I was gutted, and I was not the only one by the looks of things.
However, reports the next day suggested that the peak may be later than first though, and that the ZHR (Zenithal Hourly Maximum" rate was still increasing. So, as I had another fine pint of ale pre midnight, and was able to show a Perseid off at the pub - several were seen from here after I went home.
Me, I was a good and conscientious citizen scientist. I headed home, got out my garden chair reclined to the max, my 10x50s, and a warm jacket. I had about a third of the sky in view, the radiant to Square of Pegasus, to Ursa Major, and over the zenith to Hercules.
It was a slow start at about 1230am, and it took a few minutes to see my first meteor, but as the radiant rose higher, the view just got better and better. As I usually tend to expect from the Perseids, most meteors were fast moving, short lived, and not too far from the radiant - I find the Geminids tend to be much more widely ranged across the sky.
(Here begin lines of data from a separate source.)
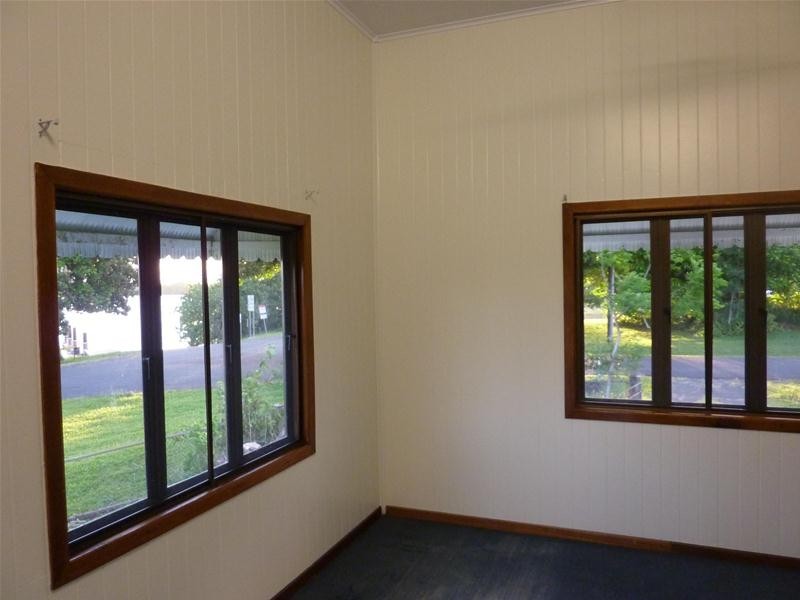 8 THE Esplanade, Coconuts QLD 4860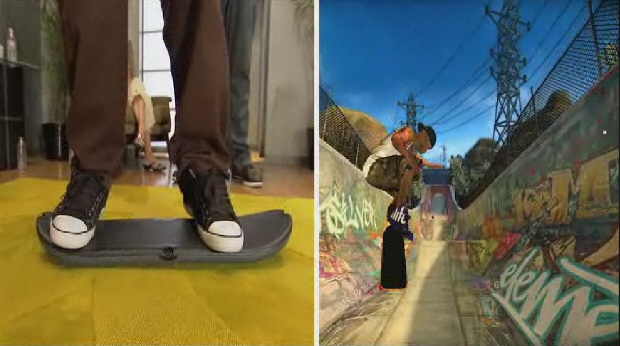 Tony Hawk oynayan bir kişi kaykayda biniyor.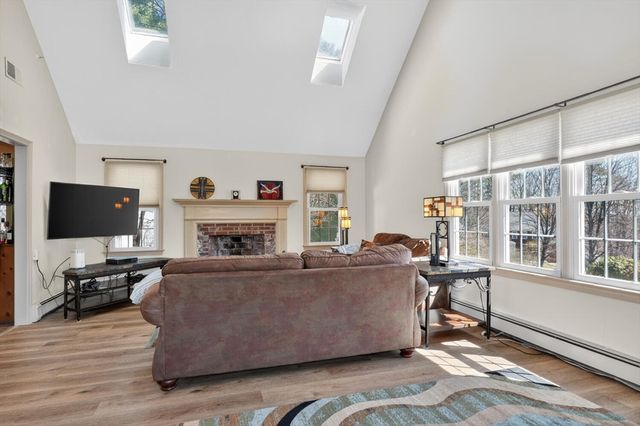 3 Patriot Dr, Northborough, MA 01532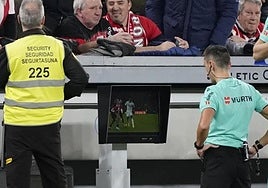 El nuevo VAR que llega este año al fútbol español: solo dos revisiones y sin árbitros en una sala externa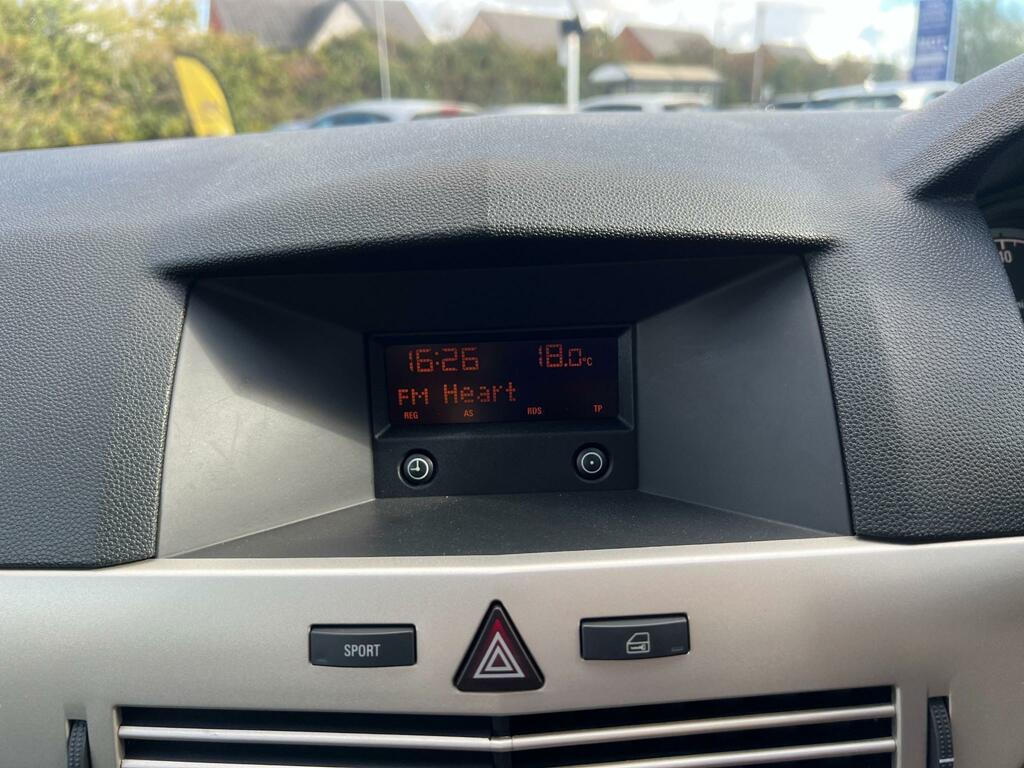 Vauxhall Astra Black #17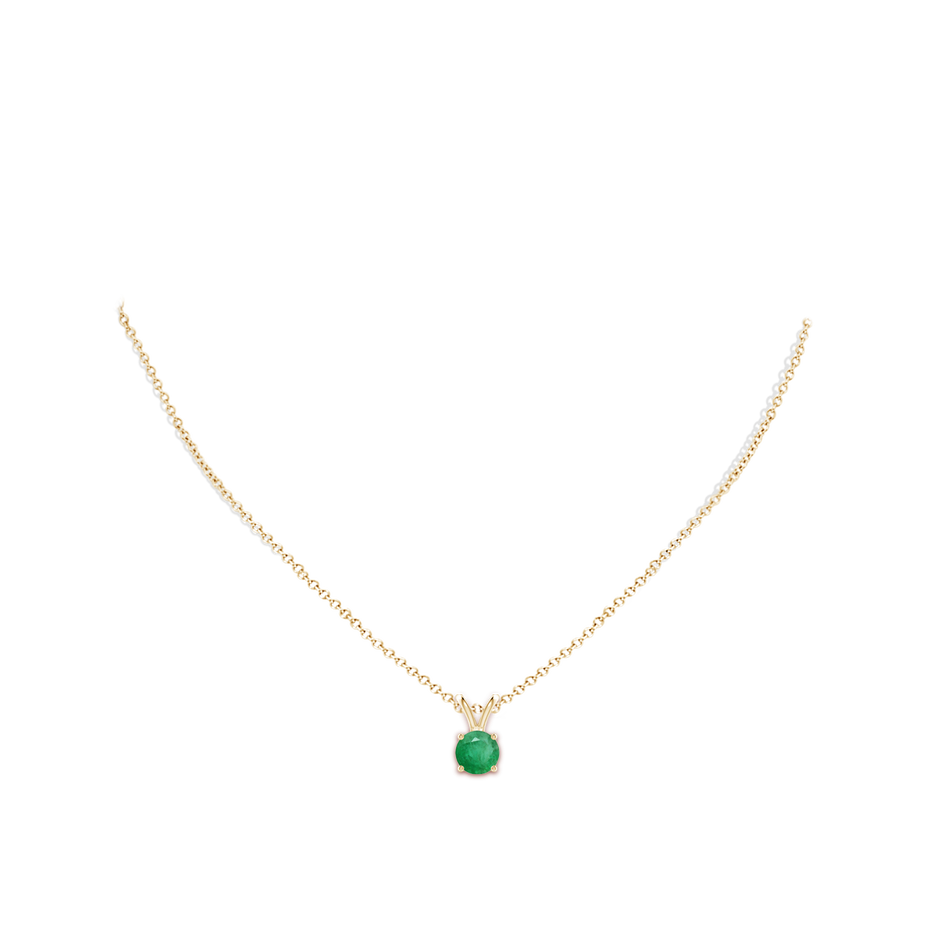 7mm A V-Bale Round Emerald Solitaire Pendant in Yellow Gold pen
The typical Perseid was usually about Mag 2, and distinctly orange in colour. There were three or four much brighter, Mag 0 specimens, leaving distinct smoky trails, but sadly no spectacular fireballs for me! I observed for an hour, counting around 30 Perseids and 1 sporadic - I lost count!
In between Perseids, I got in some nice looks at Kemble's Cascade, Cassiopeia clusters, and Cygnus and Lacerta too, and all the while I listened to some interesting tech reports on the BBC World service.
All in all, it was a very rewarding night's observing, I hope many new observers were outside with a warm drink and their eyes turned skyward!